Task input =

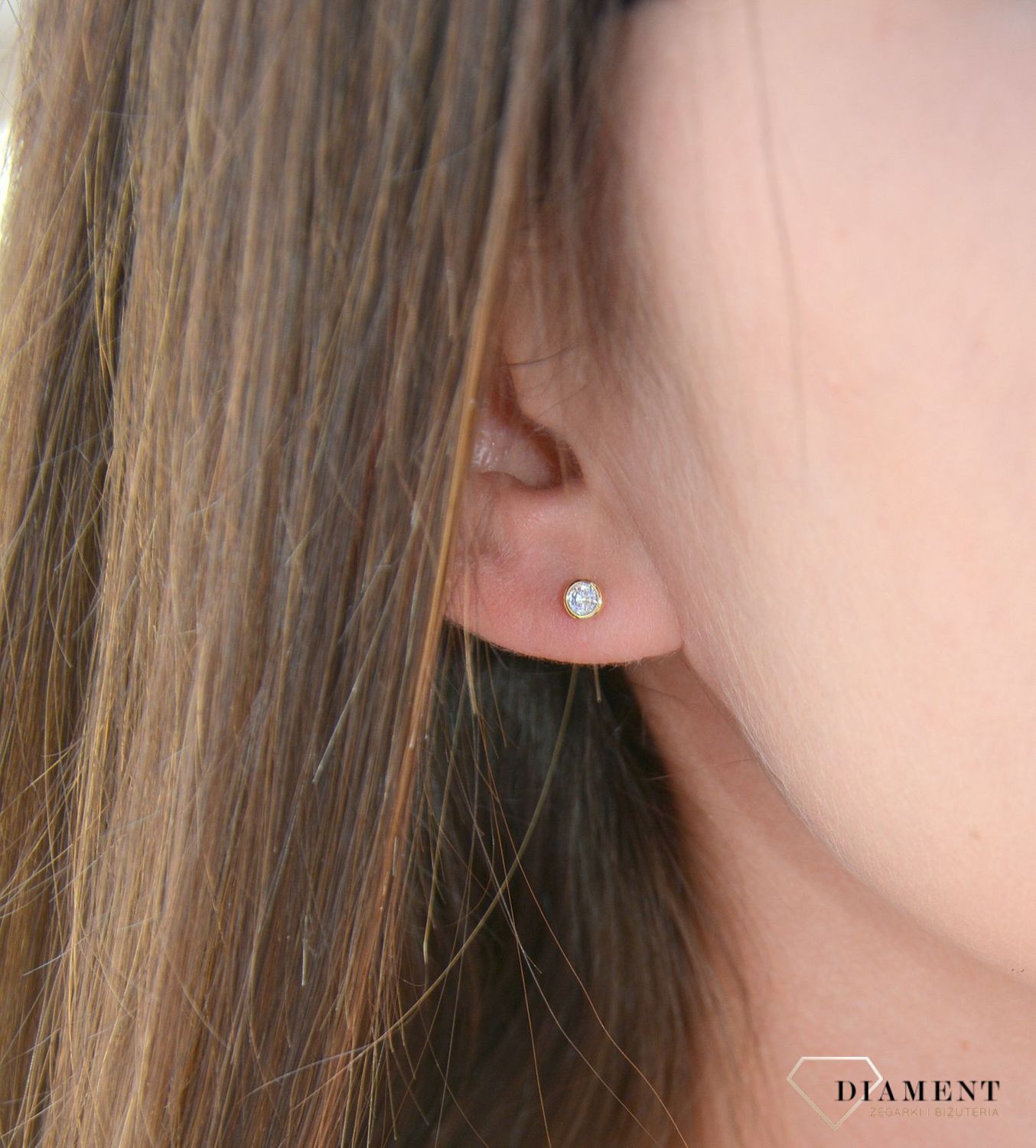 Kolczyki srebrne pozłacane z cyrkonią 'wkrętki' DIA-KLC-3073Z-925.jpg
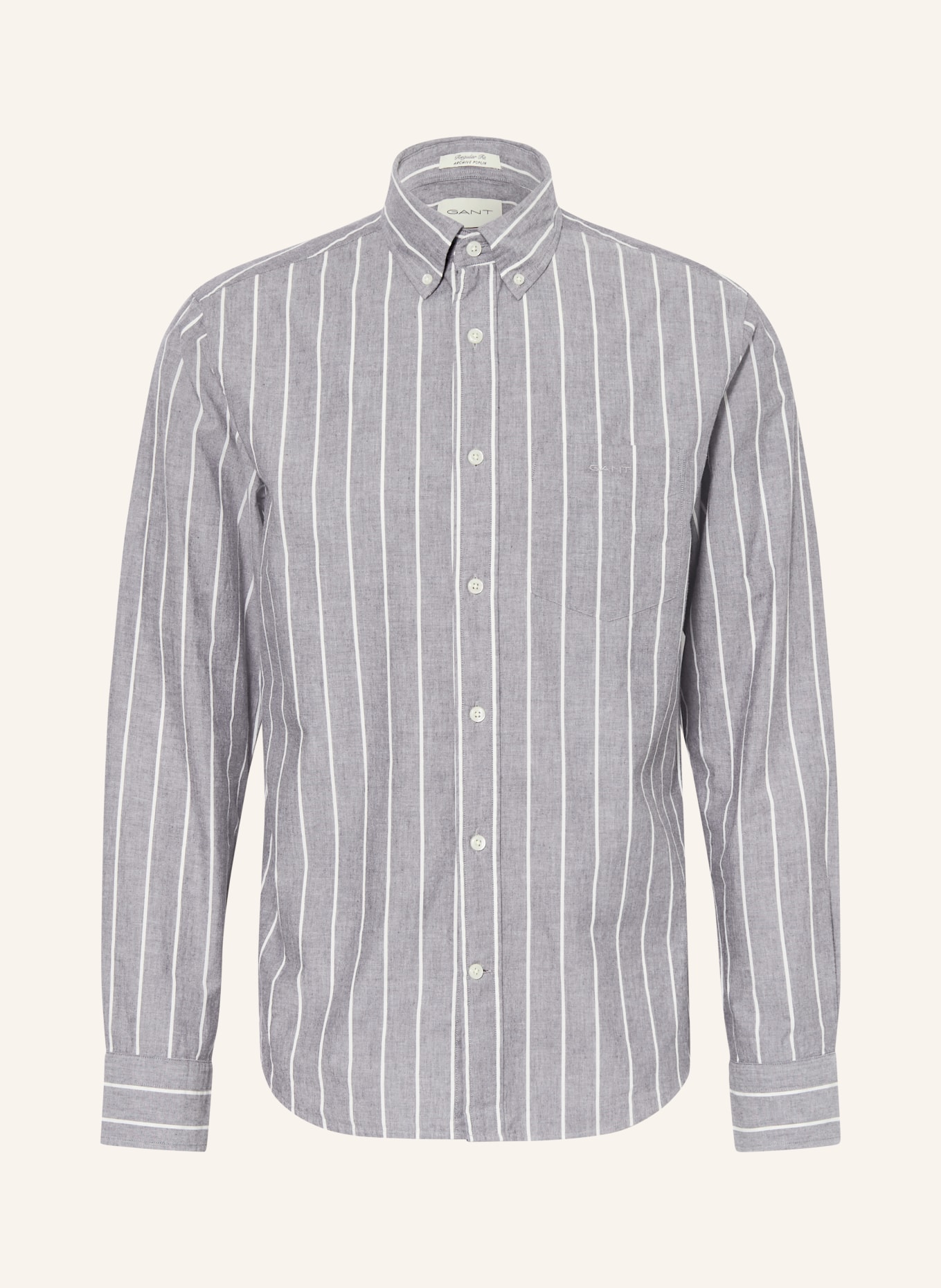 GANT Chemise coupe classique: GRIS FONCÉ / BLANC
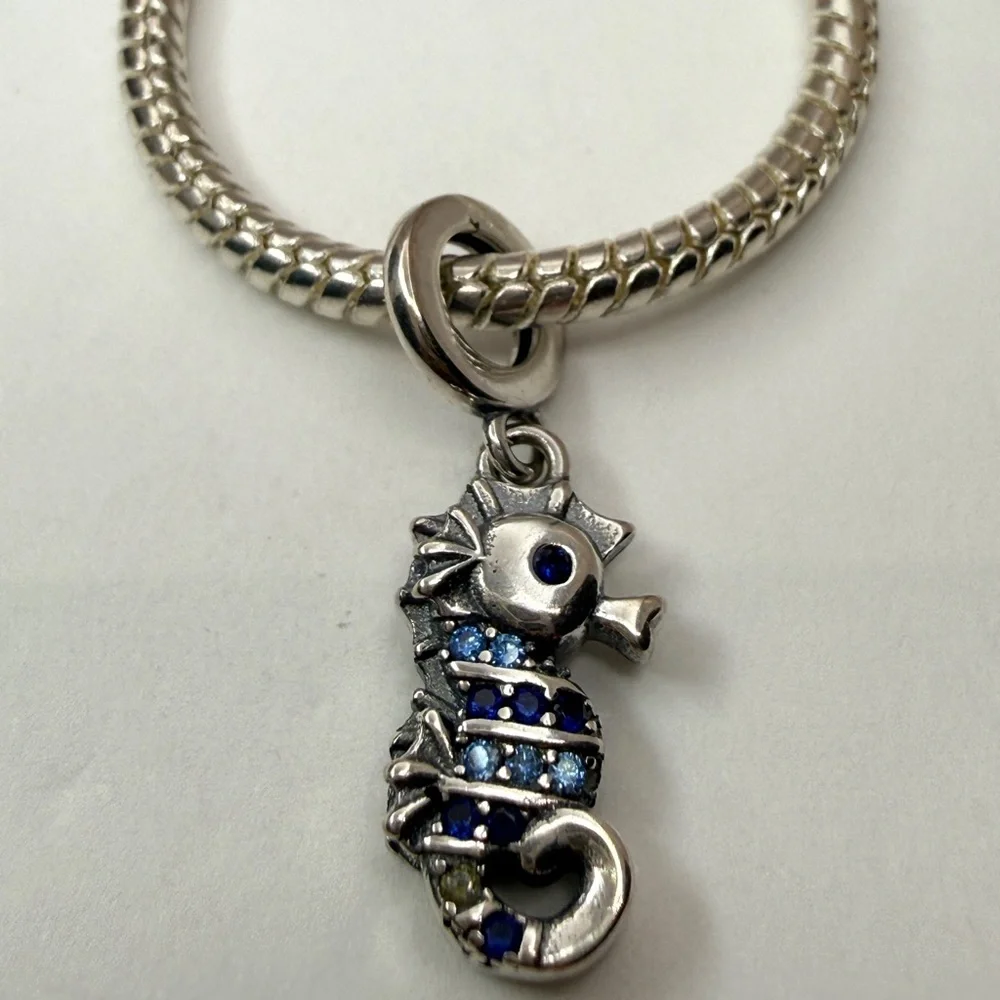 Sterling Silver Blue Seahorse Dangle Charm – S925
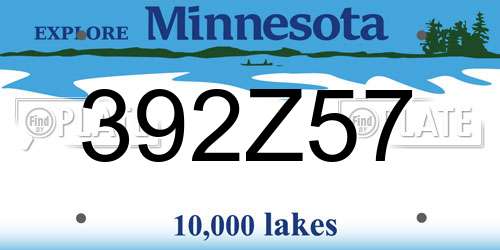392Z57 Minnesota License Plate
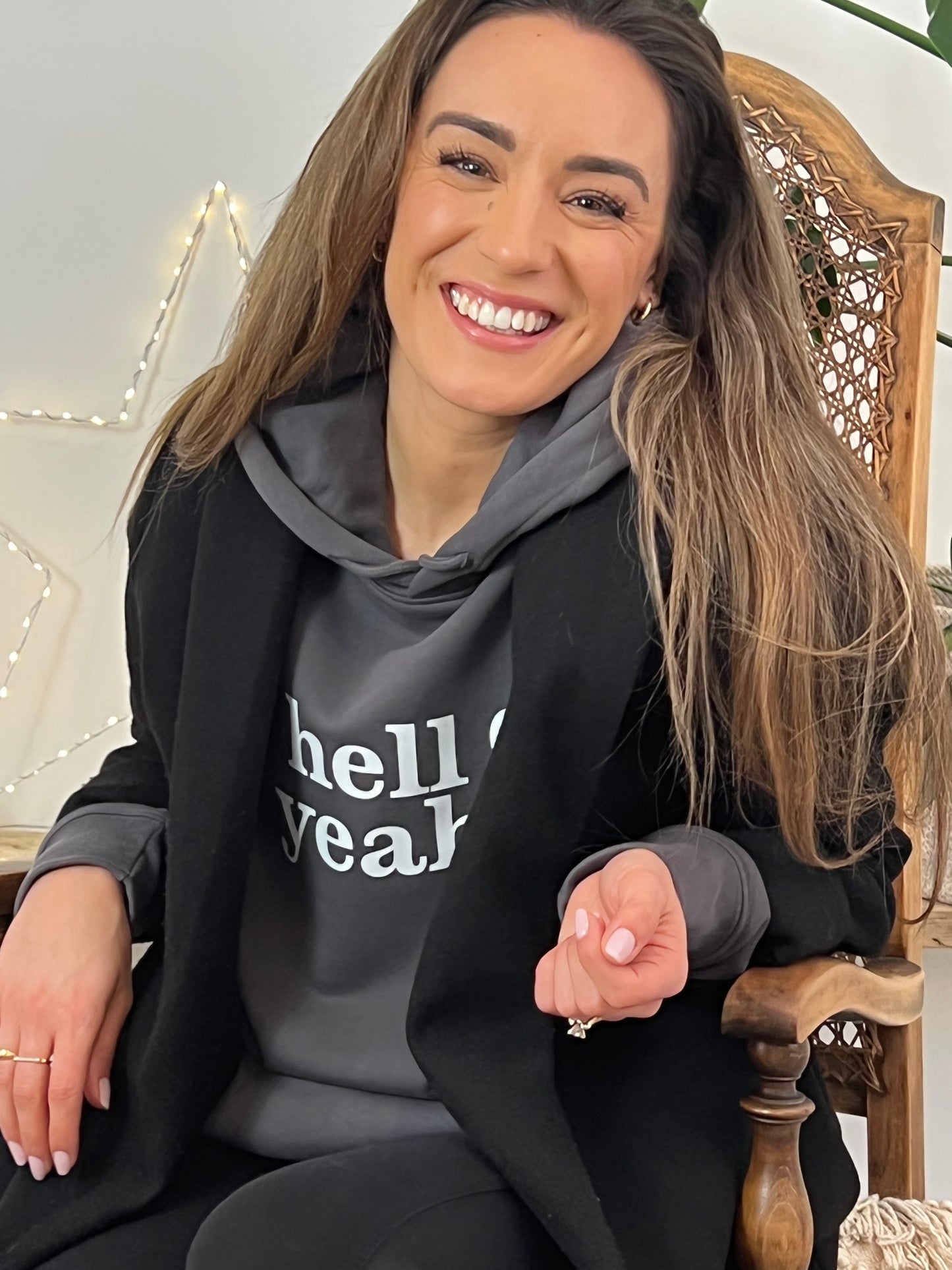 Hell Yeah Slogan Organic Cotton Hoody - Grey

Task prompt = Please print each entry exactly as it stands, without the pictures.

Answer to the problem =
 Kolczyki srebrne pozłacane z cyrkonią 'wkrętki' DIA-KLC-3073Z-925.jpg
 GANT Chemise coupe classique: GRIS FONCÉ / BLANC
 Sterling Silver Blue Seahorse Dangle Charm – S925
392Z57 Minnesota License Plate
 Hell Yeah Slogan Organic Cotton Hoody - Grey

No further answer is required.